- [Provided data]:
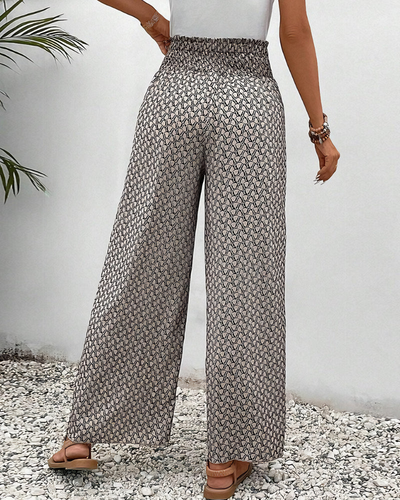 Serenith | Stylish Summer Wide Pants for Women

...

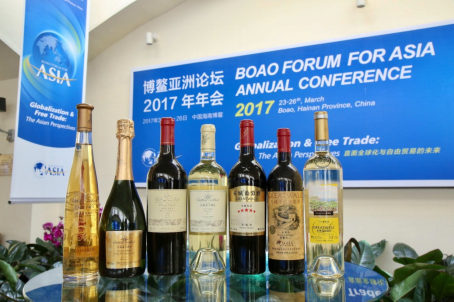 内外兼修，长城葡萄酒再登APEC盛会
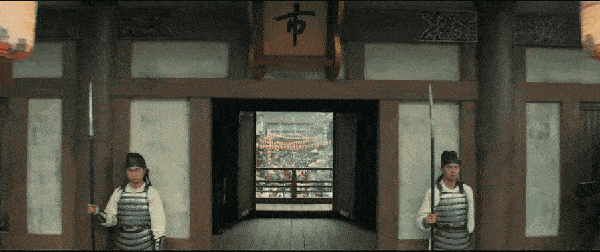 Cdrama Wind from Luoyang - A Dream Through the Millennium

- [Task statement]: Set down exactly the lines above, from the line containing "内外兼修，长城葡萄酒再登APEC盛会" through the line containing "Cdrama Wind from". Skip the pictures.

- [Reply to the exercise]:
 内外兼修，长城葡萄酒再登APEC盛会
 Cdrama Wind from Luoyang - A Dream Through the Millennium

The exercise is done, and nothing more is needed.